Однако главная заслуга Бориса Ивановича – чисто научная. Это открытие и разработка понятия техноценоза и ряда других связанных с ним понятий. Случалось Вашему покорному слуге писать на этих страницах об открытии Бориса Ивановича, и о его значении для экономической науки и экономической политики (несомненно, оно имеет огромное значение и вне экономической области). Однако и круглое число – 80 лет! - и исключительная важность понятия техноценоза дают более чем основательный повод потолковать с читателем об этом ещё раз.
Судьба учения Б.И. Кудрина весьма обычна для научных откровений. С одной стороны, научная школа, множество последователей и учеников. С другой – почти полное невнимание к выдающемуся, закладывающему основы для целого ряда новых отраслей знания со стороны казённой науки, философов и экономистов, начальства.
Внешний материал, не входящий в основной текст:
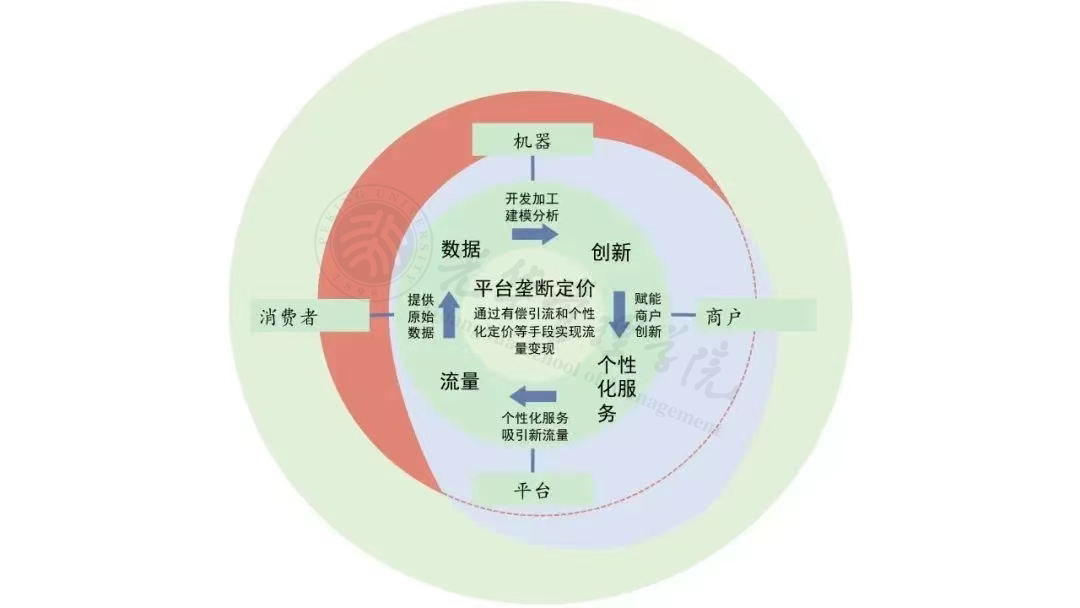 MG电子游戏(中国集团)官方网站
И не просто невнимание: бывало и похуже.
Так, некто Лекторский, нахватавший себе видимо-невидимо чинов и должностей по части марксистской философии (на удивление, продолжающий процветать и по сию пору), ещё в 1980-м году доносил кому следует: “Ряд представителей буржуазной философии техники уподобляет технические системы биологическим популяциям, состоящим из отдельных «изделий» (особей) и подчиняющимся собственным законам техноэволюции. Не избежали подобной редукции социальные законы проектирования и использования техники к биологическим законам саморазвития живых организмов и биосферы и некоторые советские авторы – Б. И. Кудрин, провозглашающий «эквивалентность построения технических, биологических и информационных систем» (цитирую по Википедии, там имеется ссылка на книгу, откуда цитата).
Даже в вегетарианские брежневские годы “намёк”, что соотечественик пишет нечто, подобное трудам “буржуазных учёных”, был способом серьёзно подставить человека. По меньшей мере - закрыть ему дорогу к публикациям и должностям. Но и оставляя типичную для советского обществоведа человеческую низость в стороне, по одной только этой убогой и бессмысленной “оценке” открытия Бориса Ивановича Кудрина, можно заключить: не силён по части философии этот “критик”.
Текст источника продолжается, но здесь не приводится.